The latest presentation to the Future In-Space Operations (FISO) study group is now posted in the FISO Working Group Presentations Archive. Both slides (pdf) and audio (mp3) are available for the talk, Skylab II, Making a Deep Space Habitat from a Space Launch System Propellant Tank – Brand Griffin, Gray Research – Mar.27.2013
Rushing headlong hand in hand with NASA into the past, Mr. Griffin wants to use NASA’s revived Saturn V to build a revised Skylab space station (though, in this case, for deep space rather than for LEO):
Note that Mr. Griffin compares the cost of a Delta IV to the fairy tale $500M cost for the SLS. This number comes from NASA’s absurd use of fantasy marginal cost estimates when asked for the cost of its launch vehicle missions.

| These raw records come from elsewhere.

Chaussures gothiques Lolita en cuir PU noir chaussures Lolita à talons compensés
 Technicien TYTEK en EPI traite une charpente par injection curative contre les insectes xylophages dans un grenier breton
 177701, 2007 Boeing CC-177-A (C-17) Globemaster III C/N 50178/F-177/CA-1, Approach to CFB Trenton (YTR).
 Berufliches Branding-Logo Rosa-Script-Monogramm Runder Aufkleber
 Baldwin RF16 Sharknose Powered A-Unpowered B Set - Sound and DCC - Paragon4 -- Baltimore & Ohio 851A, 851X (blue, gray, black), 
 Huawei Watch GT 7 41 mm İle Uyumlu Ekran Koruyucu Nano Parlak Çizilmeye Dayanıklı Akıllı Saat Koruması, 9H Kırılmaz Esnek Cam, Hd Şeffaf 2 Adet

Say the SLS program averages one to two flights per year. If the cost is $3B per in the years with one launch and $3.5B in the years with two launches then NASA will claim that a SLS flight costs $500M (i.e. the marginal cost, which is the cost to produce one more unit output). This is obviously ridiculous. The meaningful cost is $6.5B/3 = $2.17B per flight. For low production numbers, it is only the average cost that is significant, not marginal cost. (Usually NASA just guesses how much one more flight would cost but I used this year to year comparison to make the marginal cost more explicit.)
Of course, unlike normal enterprises, the development cost of the SLS, which will be around $20B for the initial 70mT version, should also be spread over the launches but NASA ignores development costs just like it ignores annual infrastructure/fixed costs.